Personal information
- Born: 19 October 1939 (age 86)
- Original team: North Ballarat
- Debut: 1961, Carlton vs. St Kilda, at Junction Oval

Playing career^{1}
- Years: Club / Games (Goals)
- 1961–1963: Carlton / 36 (36)
- ^{1} Playing statistics correct to the end of 1963.

= Martin Cross (footballer) =

Australian rules footballer

Martin Cross (born 19 October 1939) is a former Australian rules footballer who played in the Victorian Football League (VFL).

Martin Cross joined Carlton in 1961 from North Ballarat, Where he played 96 games in the Ballarat League prior to crossing to Carlton.
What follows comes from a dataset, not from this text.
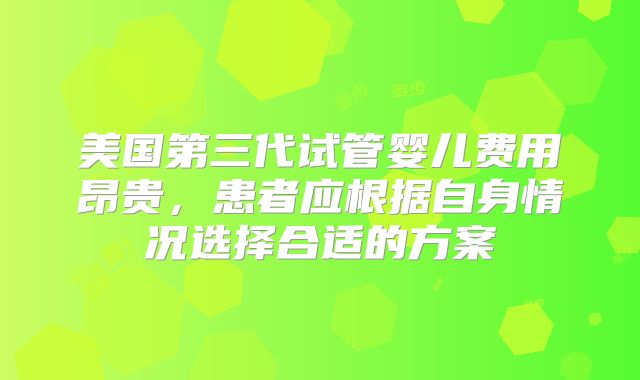 美国第三代试管婴儿费用昂贵，患者应根据自身情况选择合适的方案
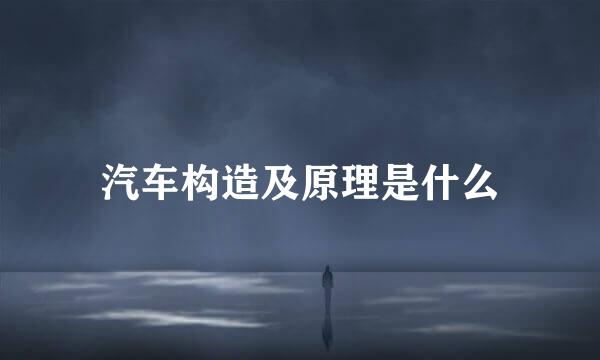 汽车构造及原理是什么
He was a right-foot kick who baulked and turned well, and had all the requirements of a top-class rover.

Cross was 20th man in the 1962 Carlton Grand Final team, that was beaten by Essendon by 32 points.

Between 1966 and 1971 and 1976 and 1977, Cross was captain-coach of Myrtleford in the Ovens & Murray League, steering them to a premiership in 1970. Cross also coached Myrtleford in 1992 and 1993. Cross also coached North Albury.

His grandson Ben Hollands and great-grandsons Elijah Hollands and Oliver (Ollie) Hollands also played professional Australian rules football, with Elijah drafted to the Gold Coast Suns in 2020 and Ollie drafted to Carlton in 2022. As of 2024 Elijah also plays for Carlton.